START PROVIDED RECORDS
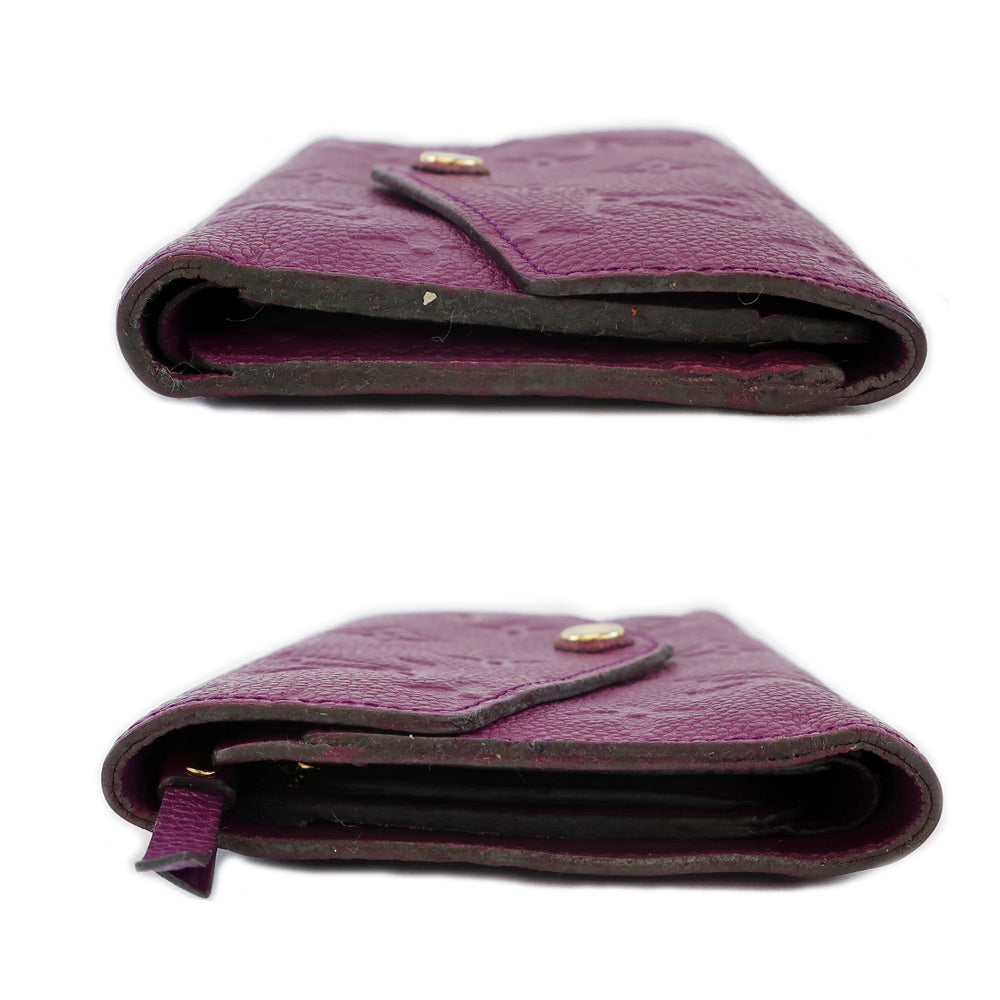 Louis Vuitton Portefolio Curry M60567 Purple Monogram Leather Compact Wallet  Female Wallet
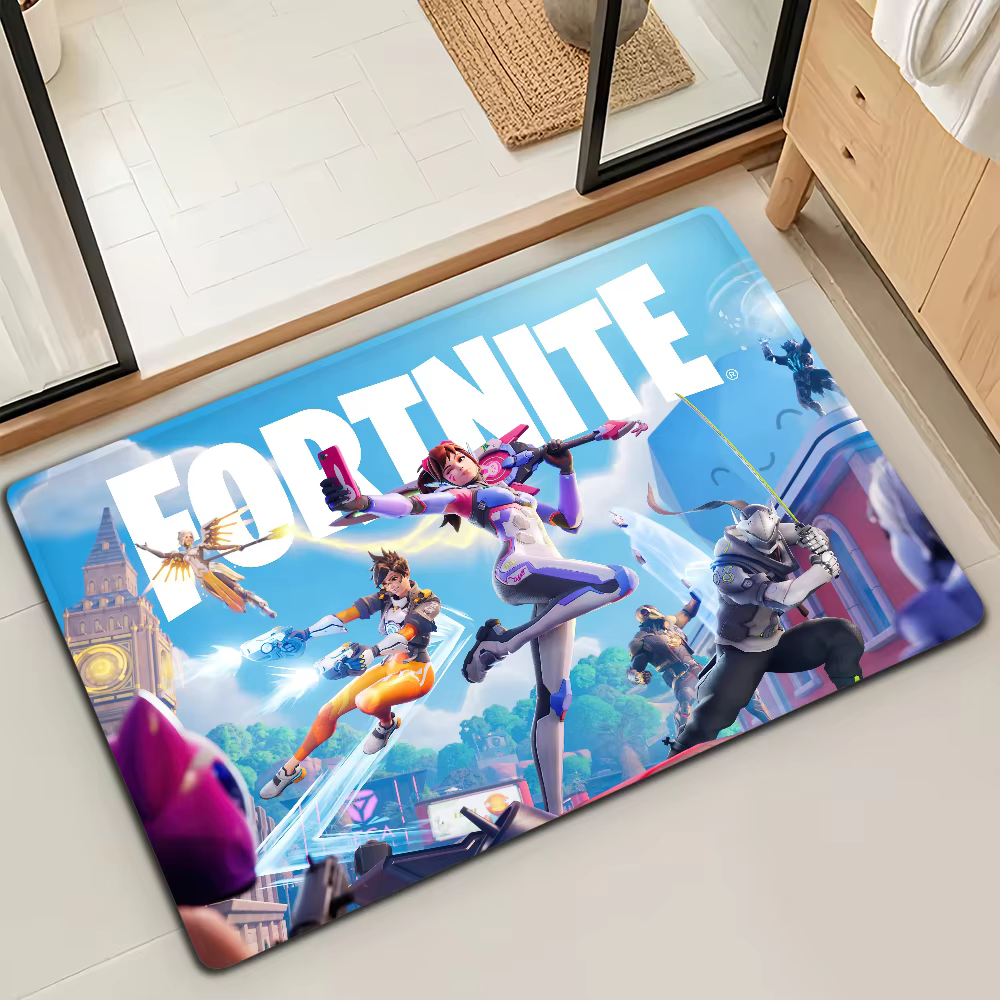 F-Fortnites Cartoon Game Door Mat Bath Tapis de sol décoratif polyvalent en microfibre et flanelle,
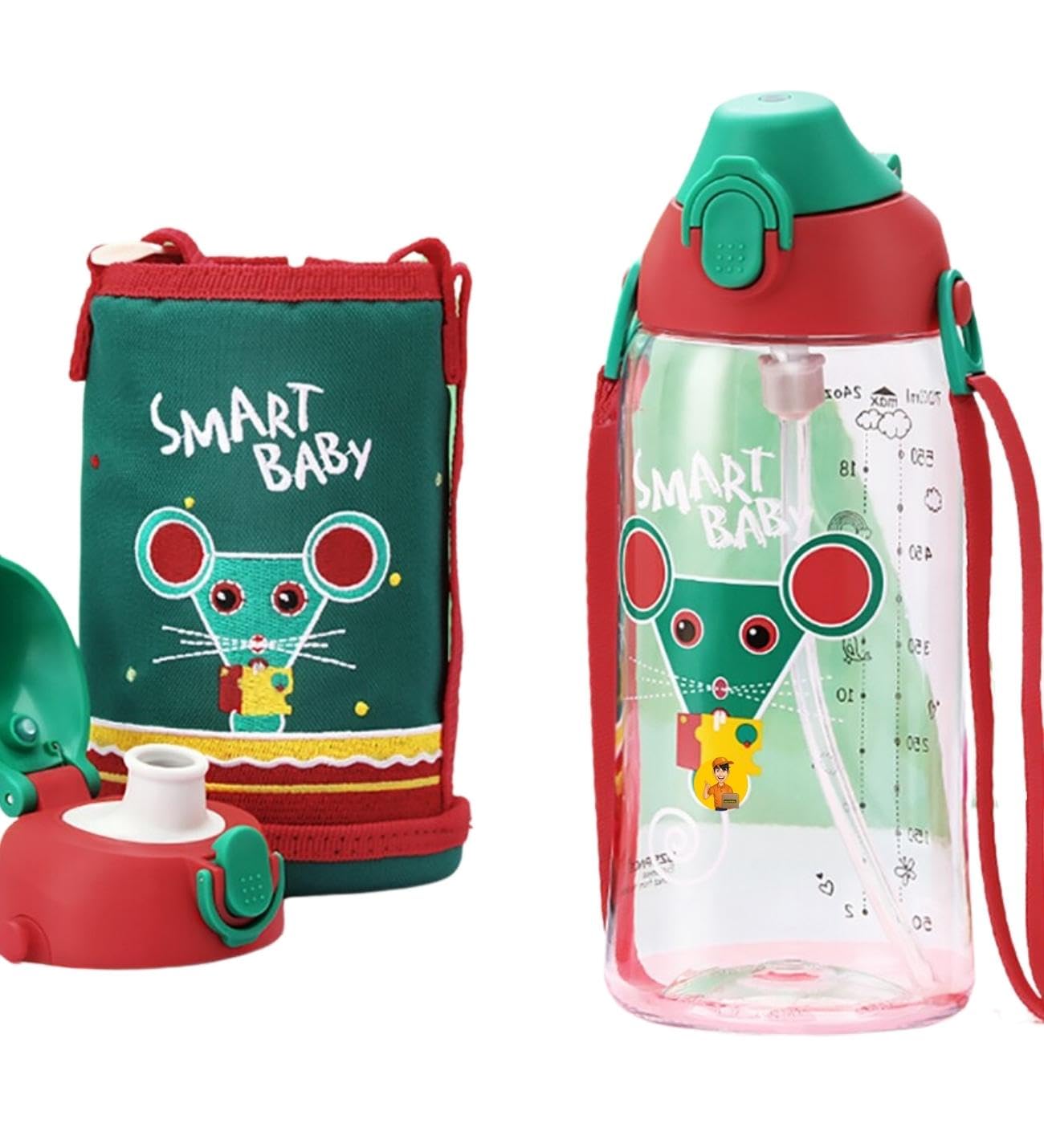 Uzspace Büyük Boy 700ml Kılıflı Askılı Pipetli/pipetsiz Iki Ayrı Kapaklı Tritan Çocuk Matarası (Smart Baby (Kırmızı-Yeşil))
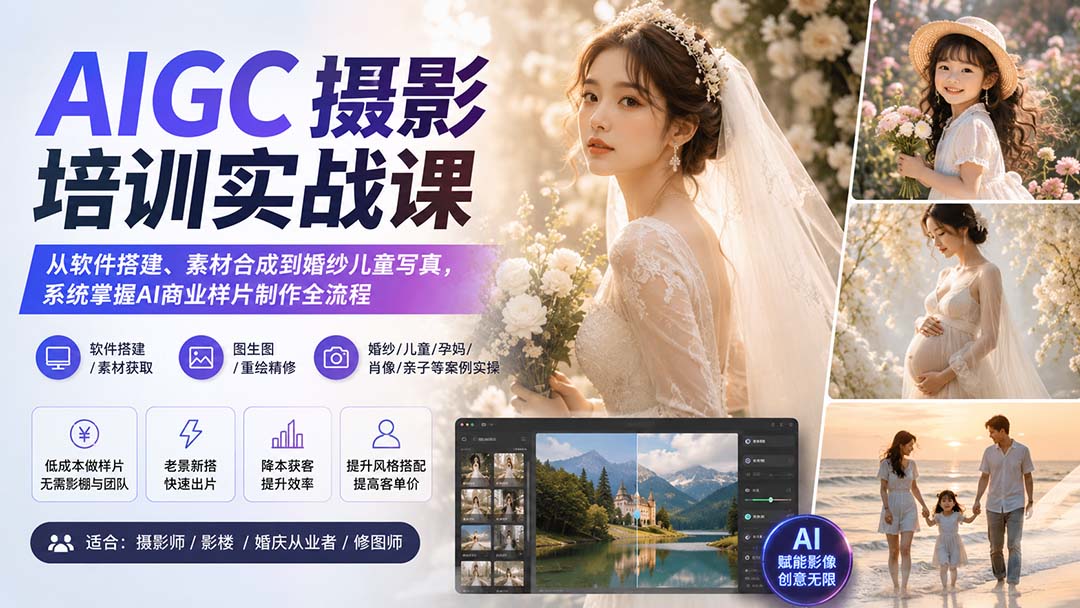 AIGC摄影培训实战课：从软件搭建、素材合成到婚纱儿童写真，系统掌握AI商业样片制作全流程-智富思维学堂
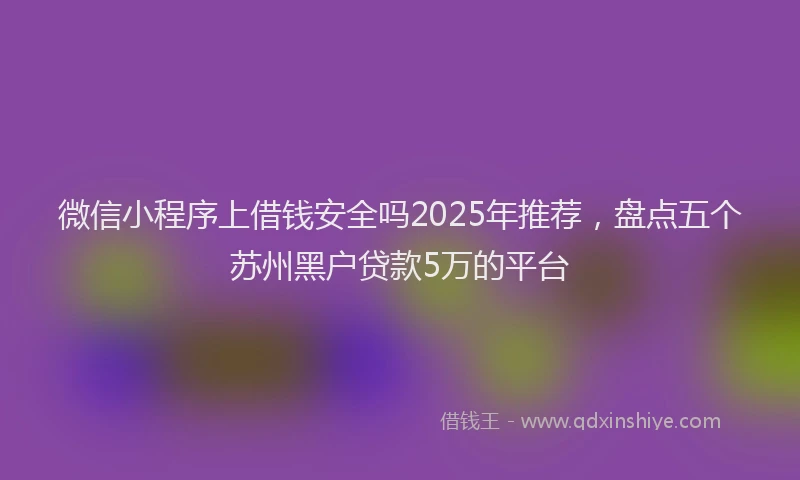 微信小程序上借钱安全吗2025年推荐，盘点五个苏州黑户贷款5万的平台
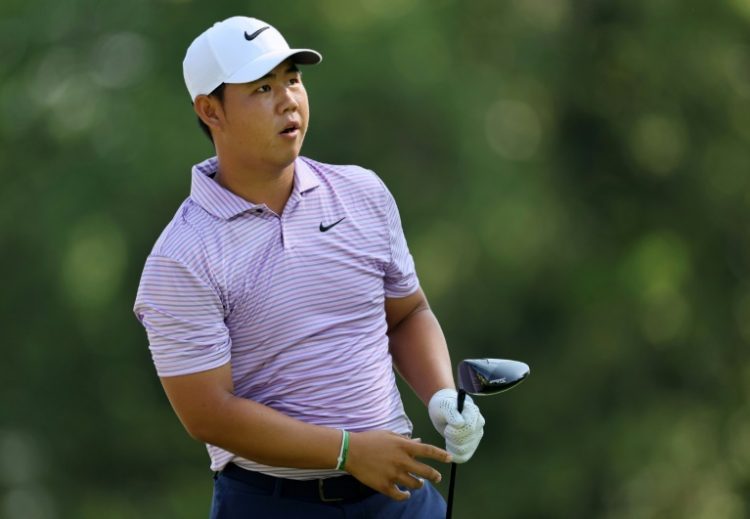 South Korea's Tom Kim fired a bogey-free five-under par 65 to seize the lead after the second round of the PGA Travelers Championship. ©AFP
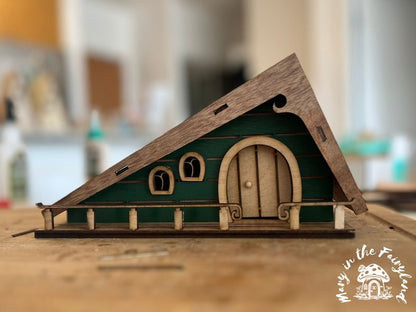 DIY Fairy House Kit with Solar Light – Easy Wooden Craft for All Ages – Garden Decoration – Build & Paint Fairy Cottage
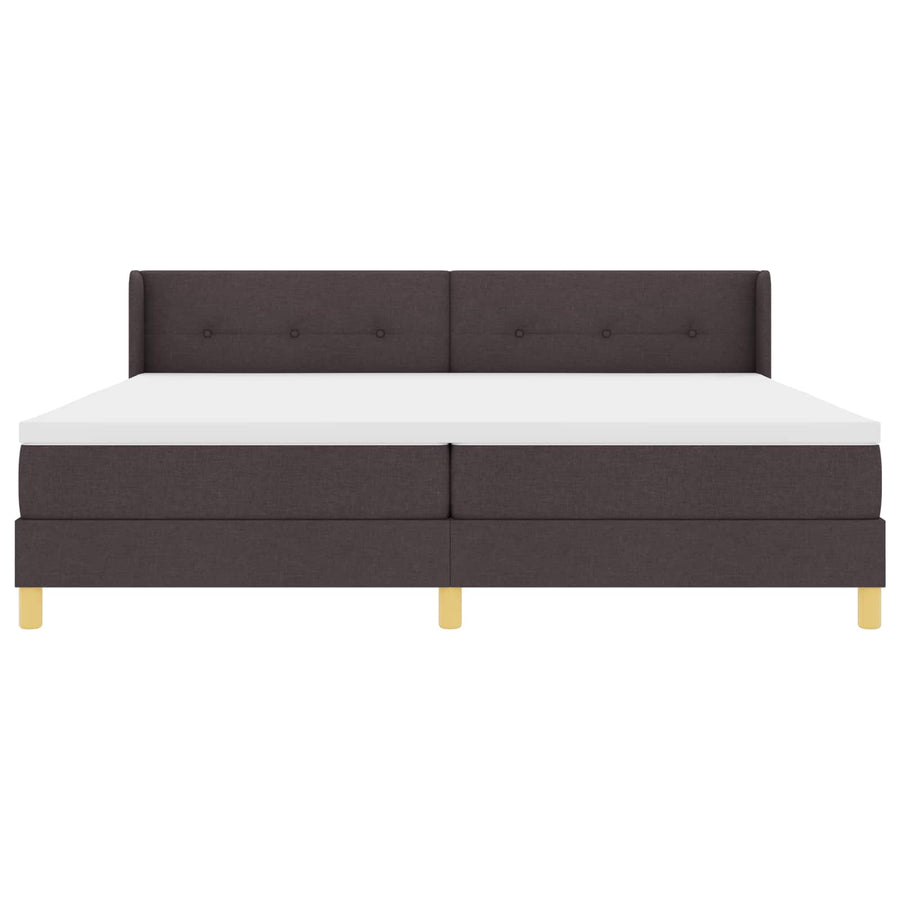 Boxspringbed met hoofdeinde Donkerbruin 200 x 200 cm Stof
END PROVIDED RECORDS
Print exactly the first line of the entries and every line after it through the one that contains "DIY Fairy House", leaving the pictures out.

 Louis Vuitton Portefolio Curry M60567 Purple Monogram Leather Compact Wallet  Female Wallet
 F-Fortnites Cartoon Game Door Mat Bath Tapis de sol décoratif polyvalent en microfibre et flanelle,
 Uzspace Büyük Boy 700ml Kılıflı Askılı Pipetli/pipetsiz Iki Ayrı Kapaklı Tritan Çocuk Matarası (Smart Baby (Kırmızı-Yeşil))
 AIGC摄影培训实战课：从软件搭建、素材合成到婚纱儿童写真，系统掌握AI商业样片制作全流程-智富思维学堂
 微信小程序上借钱安全吗2025年推荐，盘点五个苏州黑户贷款5万的平台
 South Korea's Tom Kim fired a bogey-free five-under par 65 to seize the lead after the second round of the PGA Travelers Championship. ©AFP
 DIY Fairy House Kit with Solar Light – Easy Wooden Craft for All Ages – Garden Decoration – Build & Paint Fairy Cottage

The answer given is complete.